A year ago I had no idea I'd be attempting to tell
this seriously challenging piece. I first saw
the film of The Saragossa Manuscript when I was a student
in the sixties and knew immediately that I was watching
something special - even unique. It was surreal,
hallucinatory, convoluted, scary and infinitely intriguing
- like much of the sixties. I later learned it was
the favourite film of Jerry Garcia of The Grateful
Dead. It was made in 1965 by Wojciech Has and
recounts the adventures of a young Belgian guards officer
in Southern Spain in 1739. He quickly plunges
into a nightmare world, where nothing is as it seems.
Halfway through the film, in a castle belonging to
a Jewish cabalist, a gypsy chief starts telling the
company the story of his youth. In the middle
of his story someone starts telling the gypsy a story
and in that story someone starts telling another story
and in that story and so on and so on but it all winds
back to the Belgian officer and there is an ending
of sorts, albeit surreal and puzzling and suggesting
to the viewer that the whole complex intrigue could
be starting all over again. It was just like
life, I thought.
About thirty years later I bought the book on which
the film was based - a 631-page novel by Count Jan
Potocki, a Pole writing in French between 1797 and
1815, when he shot himself with a silver bullet in
the belief that he was a werewolf.
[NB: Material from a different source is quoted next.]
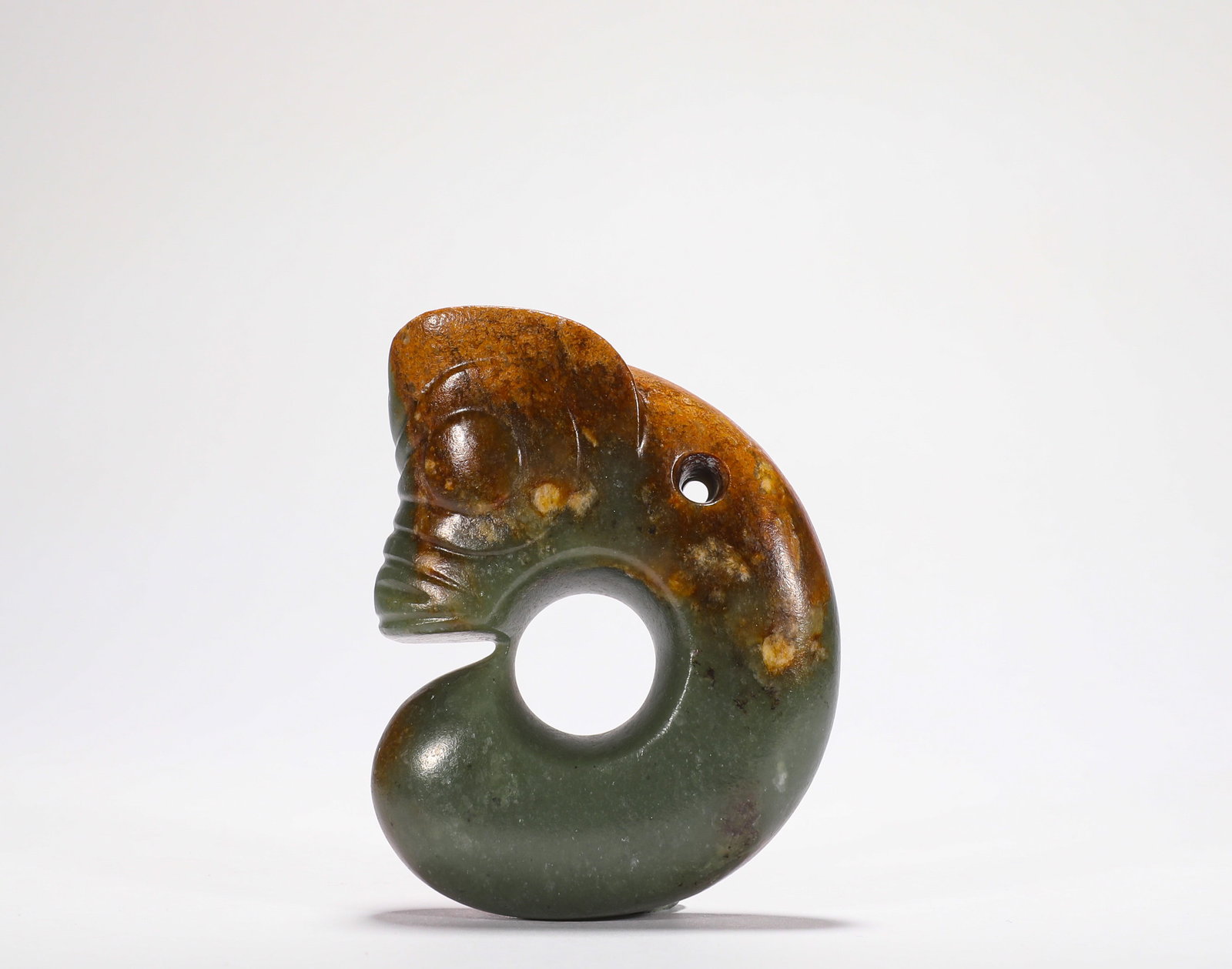 RED MOUNTAIN JADE PIG DRAGON (1 of 6)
The novel - Le Manuscrit Trouve a Saragosse - was inspired
by The Arabian Nights and leads us through the sixty-six days that the hero
spends in the Sierra Morena, a range of mountains said to be haunted. He
meets beautiful Moorish princesses that have the unnerving ability to turn into
hanged men, mysterious hermits, demoniacs, the Spanish Inquisition, bandits,
a powerful Sheik who threatens to decapitate him, a Jewish cabalist and his beautiful
sister, a Spanish mathematician and the gypsy chief, Avadoro, who starts a chain
of stories within stories that lasts for most of the rest of the book. At
the heart of the novel lies a great Muslim conspiracy and many mysteries and
secrets and tests. It's like Dan Brown but well-written and so long and
so complex that I never even dreamed of trying to tell it.
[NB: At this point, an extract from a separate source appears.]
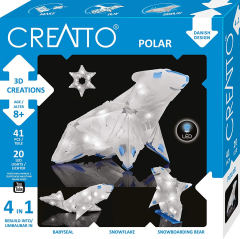 Творческий набор Kosmos серии Creatto светящийся Белый медведь и друзья (Polar)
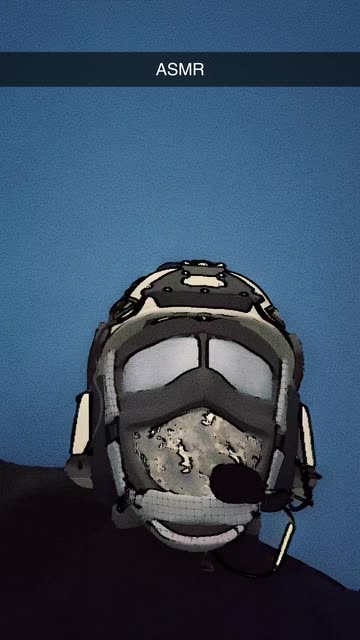 Preview for a Spotlight video that uses the helmet soldier Lens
Then I was approached by Steve Yates, a virtuoso guitarist
whom we had known some years ago, who said he would
like to work with me, playing the guitar while I told
stories. I looked around for suitable subjects
and we had several jamming sessions, experimenting with various folk-tales. Then
all at once I knew what the obvious choice was - The Saragossa Manuscript! It
was Spanish, very adult, extremely exciting and intriguingly enigmatic.
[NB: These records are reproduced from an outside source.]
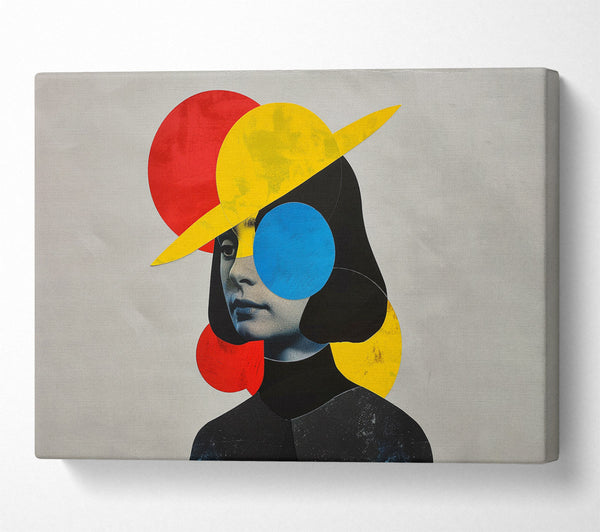  A Canvas Print of A Woman Minimalist Canvas Art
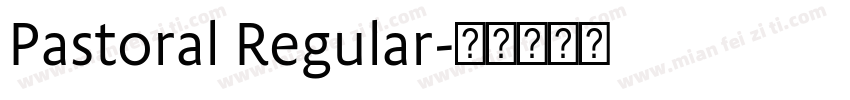 Pastoral Regular字体转换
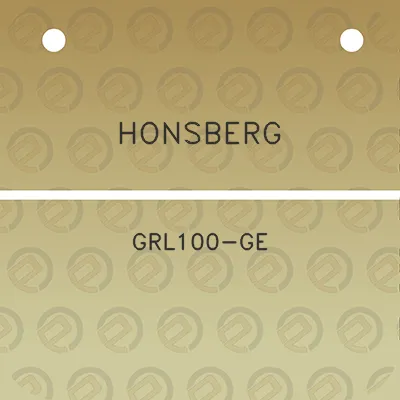 honsberg-grl100-ge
But how much of it to do? The whole story would
have taken a week or so to perform! Then I thought
of the film. Has had managed
to get the gist of Potocki's masterpiece in three hours. If I followed
his path through the Sierra Morena but cut out even more, then surely
I could make it out of the mountains in two. In fact my redaction
of Potocki's convoluted plot takes some elements from both book and film. For
instance I reluctantly had to cut the cabalist's sister AND the mathematician
and I couldn't follow the film's surrealist ending. A piece of
live storytelling cannot leave the audience feeling TOO confused. It
has to have some sort of explanation - like the denouement of a whodunnit. I
have, however, endeavoured to leave the audience thinking, "Is that REALLY
the end? or is there more to come?" Haunted
Inn 2? So we put it together over several months and have now performed
it eight times and every audience has been delighted, intrigued, mystified,
shocked, scared, horrified and, ultimately, has enjoyed it tremendously,
even if they haven't entirely understood it. So a sequel is definitely
in the Tarot cards. Alphonse van Worden will certainly ride again!